Our trekking poles come with either EVA or Cork grips, which is a pretty common offer in the outdoor market. Usually the weight difference between these two options is pretty small, but with our poles the grips have a big impact. Despite being identical in every way but the grips, our EVA poles weigh 7oz per pole while our cork poles weigh 9.5oz per pole. The entirety of the weight difference is attributable to the grip material alone.
So why the difference, you probably ask. What makes our cork grips so heavy?
Instead of taking you through the history of trekking pole grips, I want to jump straight to the end: we use fully molded cork with only the smallest of plastic inserts. We don't use cork sheets or a plastic grip with cork covering, and we focus on using a lot of cork, so you get the most of the grip you are using.

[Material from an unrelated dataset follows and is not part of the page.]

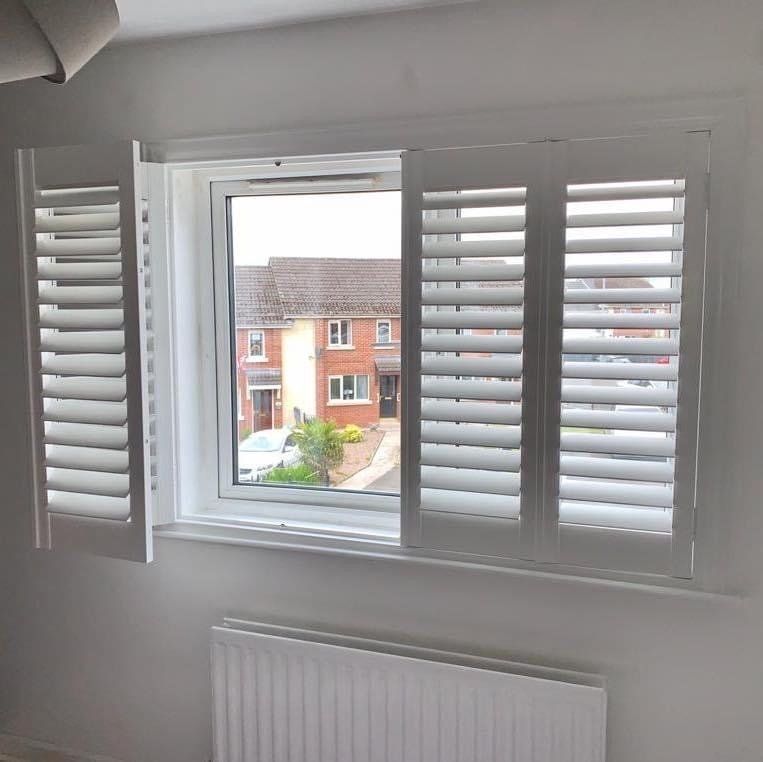 A bedroom window with white shutters and a view of a house.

So? Cork is light and buoyant, and using a molded cork grip shouldn't mean it is heavy. And you are correct, if you look at some of the cork grips on fishing poles you will notice they are much lighter than ours. A key part in making a solid cork grip is making sure it retains its shape while still allowing for comfort. We use highly compressed cork granulate in our grips to ensure that even after a full thru-hike, your grip remains a grip and not just the ruins of one - all without using plastic. This is where the weight comes from.
What are the benefits of a compressed cork grip?
This is probably the real question here, since weight is pretty obviously a drawback for most backpackers and hikers.
The reason to make such a robust grip was to emphasize comfort and durability, especially since the sum of all the other materials making up our poles were so very light. We managed to create a truly "premium" feel in our grip while still keeping our cork poles around 9.5oz a pole, which is still pretty light. Our grips feel solid from the start and over time, truly mold to the shape the hand.
Environmental impact also plays a big role here: cork is considered a carbon neutral material, is natural, renewable and we are actually using the leftovers from the wine industry to make our grips. When the amount of cork in a product is reduced, the amount of other materials increases: plastic, foam, etc. - materials that much more impactful on the environment than cork.
So, is it worth it?
We obviously think that the incremental weight increase is definitely worth the better experience and reduced environmental impact, and so do many other hikers, but at the end of the day this is one of the oldest conversations in backpacking: is the weight worth it?
Is the comfort, durability and environmental impact worth the extra weight, when compared to the alternatives? That is for you to decide.